On March 8, PPAI joined the Michigan Promotional Professionals Association (MiPPA) in the state’s capital of Lansing for a Legislative Education And Action Day (L.E.A.D.) in support of the promotional products industry and its professionals in Michigan. The meeting featured a breakfast for state legislators and their staff in the Mackinac Room of the Anderson House of Representatives Building. This is the third year that MiPPA has brought the industry to the state capital, and it was the largest gathering yet, attended by more than 50 state representatives, senators and their staff members.

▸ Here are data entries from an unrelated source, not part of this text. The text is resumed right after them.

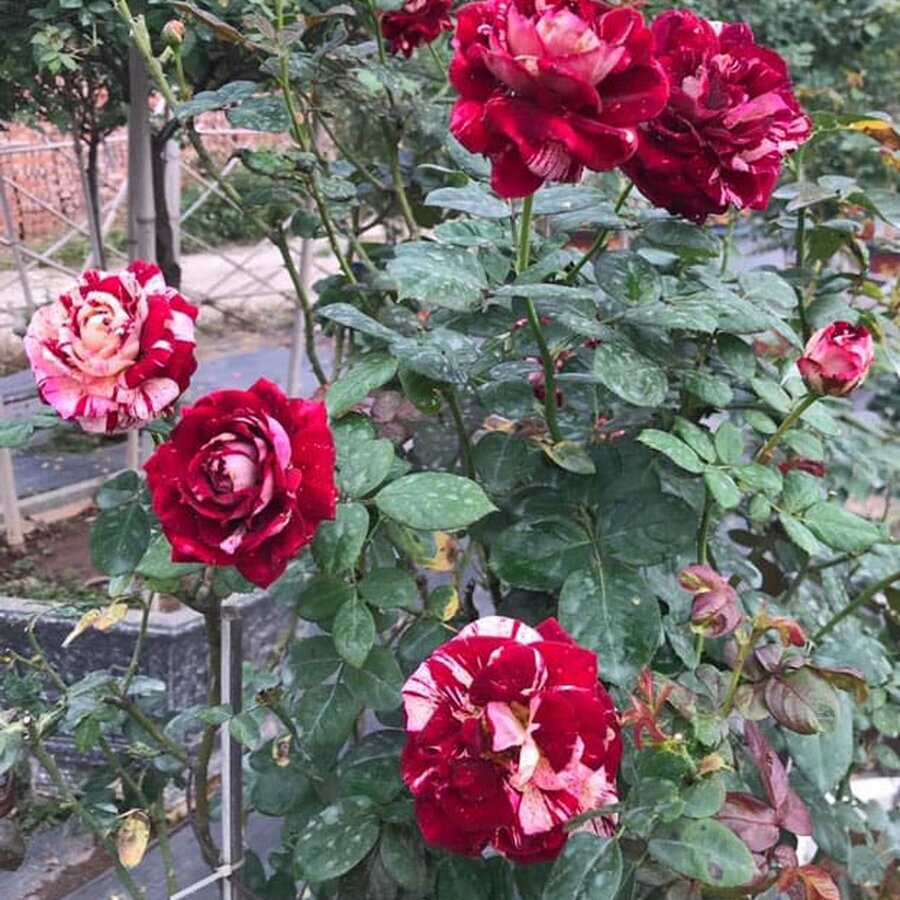 cham soc hong julio Iglesias rose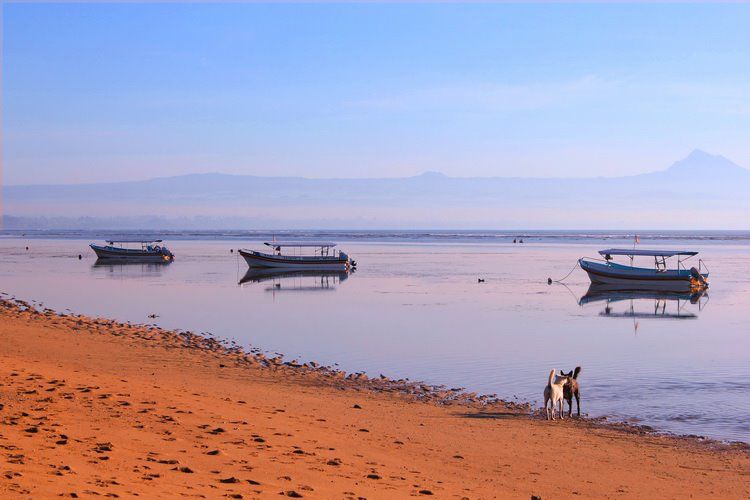 Anjing di Pantai Sanur Bali (Dokumentasi Pribadi)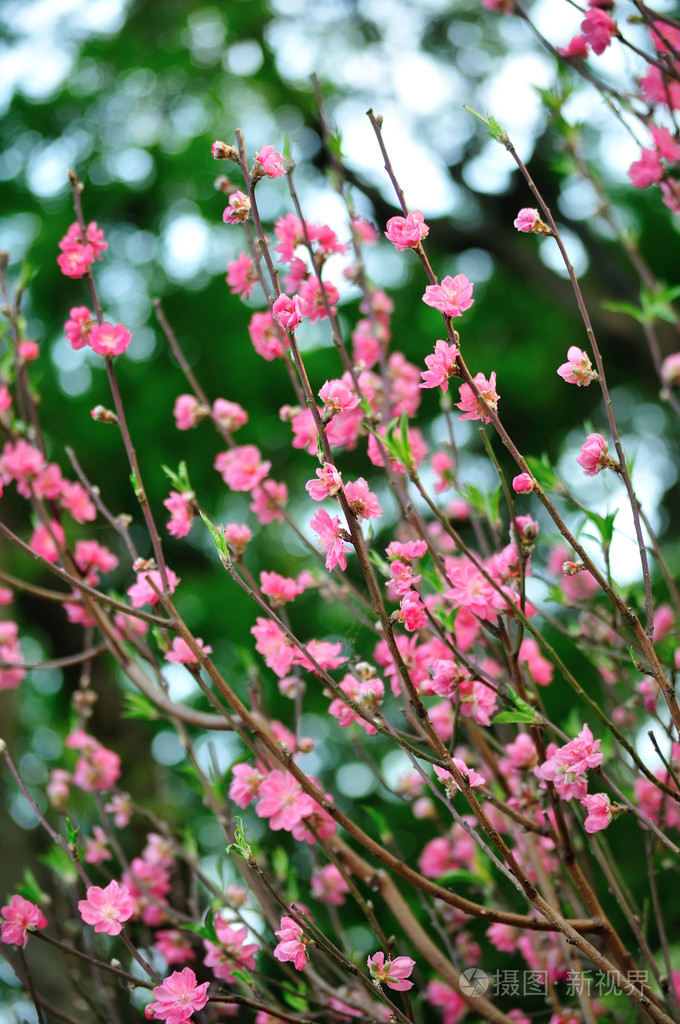 盛开在春天用粉色的花树照片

“On our annual L.E.A.D. Lansing, we educate our state lawmakers about the industry and the professionals in Michigan who make it work,” says Paul Kiewiet, MAS+, MiPPA executive director. “We explain what we do and our efficiency as a powerful advertising medium that can educate the public on public policy issues, help politicians get elected and be very targeted. We tell them about the economic impact that we have on the state and the number of jobs we create. We also describe the typical entrepreneurial owner, the number of women-owned companies and the concerns of small businesses. Our positions reflect the needs of small businesses for a business-friendly environment, access to a well-educated, skilled workforce and good roads for travel and transportation.”

The breakfast meeting educated legislators and their staff members on how the promotional products industry works, its effectiveness and its scope in Michigan, and reinforced connections established at previous L.E.A.D. events. The conversation also touched on industry revenue and job numbers in Michigan and nationally, its high percentage of women-owned businesses and Promotional Products Work! Week. PPAI Public Affairs Director Anne Stone and Public Affairs Manager Maurice Norris were also on hand to add the Association’s perspective to the conversation.

MiPPA President Jane Mitchell, MAS, owner of distributor Jungle Jane Promotions, says, “Our goal was to inform local government officials about the association and the industry. Many said that they didn’t understand the science behind promotional items. During the meeting we shared a few case studies on how using promotional products really drives home political campaigns’ messages and that we didn’t just give out stuff; it has a real purpose.”

Mitchell adds, “We help our industry by getting to know our representatives and senators on an individual basis. If we build that relationship with them, they will be more inclined to call on us for advice on industry-specific issues. It establishes us as subject matter experts, and our input could affect legislation.”